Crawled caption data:

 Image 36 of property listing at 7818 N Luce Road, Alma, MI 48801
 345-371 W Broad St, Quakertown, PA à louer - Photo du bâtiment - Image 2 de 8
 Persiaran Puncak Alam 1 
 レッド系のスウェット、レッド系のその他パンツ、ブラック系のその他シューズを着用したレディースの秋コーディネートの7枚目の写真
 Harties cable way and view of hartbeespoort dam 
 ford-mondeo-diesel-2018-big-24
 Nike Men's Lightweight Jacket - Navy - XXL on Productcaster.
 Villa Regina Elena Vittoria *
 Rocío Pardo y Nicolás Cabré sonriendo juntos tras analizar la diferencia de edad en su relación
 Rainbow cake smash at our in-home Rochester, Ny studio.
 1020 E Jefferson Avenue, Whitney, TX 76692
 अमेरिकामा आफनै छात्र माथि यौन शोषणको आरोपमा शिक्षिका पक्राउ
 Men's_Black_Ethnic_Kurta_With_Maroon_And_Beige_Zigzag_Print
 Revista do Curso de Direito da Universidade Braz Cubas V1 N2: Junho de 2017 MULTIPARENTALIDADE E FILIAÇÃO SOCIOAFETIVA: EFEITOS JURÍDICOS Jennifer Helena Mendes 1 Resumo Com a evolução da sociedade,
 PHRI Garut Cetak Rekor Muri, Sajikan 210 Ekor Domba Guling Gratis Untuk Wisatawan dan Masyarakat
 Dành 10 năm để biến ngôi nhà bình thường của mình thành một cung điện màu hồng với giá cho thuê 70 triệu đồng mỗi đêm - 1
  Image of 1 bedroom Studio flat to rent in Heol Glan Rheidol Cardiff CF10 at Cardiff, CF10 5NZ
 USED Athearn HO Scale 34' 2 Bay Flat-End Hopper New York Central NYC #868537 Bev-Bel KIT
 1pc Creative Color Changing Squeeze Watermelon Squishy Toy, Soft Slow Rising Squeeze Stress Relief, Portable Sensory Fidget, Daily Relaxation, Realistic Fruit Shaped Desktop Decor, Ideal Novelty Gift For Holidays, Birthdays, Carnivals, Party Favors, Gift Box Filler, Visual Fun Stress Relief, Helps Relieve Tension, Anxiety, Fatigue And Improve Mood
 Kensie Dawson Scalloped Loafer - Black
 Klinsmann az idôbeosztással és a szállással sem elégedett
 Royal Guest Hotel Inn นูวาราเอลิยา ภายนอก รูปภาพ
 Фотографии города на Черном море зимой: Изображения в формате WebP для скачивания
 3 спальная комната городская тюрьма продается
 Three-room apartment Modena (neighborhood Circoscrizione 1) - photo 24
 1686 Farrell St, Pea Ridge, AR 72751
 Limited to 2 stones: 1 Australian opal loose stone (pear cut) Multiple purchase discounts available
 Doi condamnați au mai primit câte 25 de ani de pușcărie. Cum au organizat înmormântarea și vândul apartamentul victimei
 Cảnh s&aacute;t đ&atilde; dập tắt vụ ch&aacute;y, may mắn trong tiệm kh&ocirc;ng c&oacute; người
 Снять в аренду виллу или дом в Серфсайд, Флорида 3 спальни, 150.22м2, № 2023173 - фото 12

**PROBLEM DESCRIPTION:** Take the entries above and transcribe them exactly.

**EXPECTED ANSWER:**
 Image 36 of property listing at 7818 N Luce Road, Alma, MI 48801
 345-371 W Broad St, Quakertown, PA à louer - Photo du bâtiment - Image 2 de 8
 Persiaran Puncak Alam 1 
 レッド系のスウェット、レッド系のその他パンツ、ブラック系のその他シューズを着用したレディースの秋コーディネートの7枚目の写真
 Harties cable way and view of hartbeespoort dam 
 ford-mondeo-diesel-2018-big-24
 Nike Men's Lightweight Jacket - Navy - XXL on Productcaster.
 Villa Regina Elena Vittoria *
 Rocío Pardo y Nicolás Cabré sonriendo juntos tras analizar la diferencia de edad en su relación
 Rainbow cake smash at our in-home Rochester, Ny studio.
 1020 E Jefferson Avenue, Whitney, TX 76692
 अमेरिकामा आफनै छात्र माथि यौन शोषणको आरोपमा शिक्षिका पक्राउ
 Men's_Black_Ethnic_Kurta_With_Maroon_And_Beige_Zigzag_Print
 Revista do Curso de Direito da Universidade Braz Cubas V1 N2: Junho de 2017 MULTIPARENTALIDADE E FILIAÇÃO SOCIOAFETIVA: EFEITOS JURÍDICOS Jennifer Helena Mendes 1 Resumo Com a evolução da sociedade,
 PHRI Garut Cetak Rekor Muri, Sajikan 210 Ekor Domba Guling Gratis Untuk Wisatawan dan Masyarakat
 Dành 10 năm để biến ngôi nhà bình thường của mình thành một cung điện màu hồng với giá cho thuê 70 triệu đồng mỗi đêm - 1
  Image of 1 bedroom Studio flat to rent in Heol Glan Rheidol Cardiff CF10 at Cardiff, CF10 5NZ
 USED Athearn HO Scale 34' 2 Bay Flat-End Hopper New York Central NYC #868537 Bev-Bel KIT
 1pc Creative Color Changing Squeeze Watermelon Squishy Toy, Soft Slow Rising Squeeze Stress Relief, Portable Sensory Fidget, Daily Relaxation, Realistic Fruit Shaped Desktop Decor, Ideal Novelty Gift For Holidays, Birthdays, Carnivals, Party Favors, Gift Box Filler, Visual Fun Stress Relief, Helps Relieve Tension, Anxiety, Fatigue And Improve Mood
 Kensie Dawson Scalloped Loafer - Black
 Klinsmann az idôbeosztással és a szállással sem elégedett
 Royal Guest Hotel Inn นูวาราเอลิยา ภายนอก รูปภาพ
 Фотографии города на Черном море зимой: Изображения в формате WebP для скачивания
 3 спальная комната городская тюрьма продается
 Three-room apartment Modena (neighborhood Circoscrizione 1) - photo 24
 1686 Farrell St, Pea Ridge, AR 72751
 Limited to 2 stones: 1 Australian opal loose stone (pear cut) Multiple purchase discounts available
 Doi condamnați au mai primit câte 25 de ani de pușcărie. Cum au organizat înmormântarea și vândul apartamentul victimei
 Cảnh s&aacute;t đ&atilde; dập tắt vụ ch&aacute;y, may mắn trong tiệm kh&ocirc;ng c&oacute; người
 Снять в аренду виллу или дом в Серфсайд, Флорида 3 спальни, 150.22м2, № 2023173 - фото 12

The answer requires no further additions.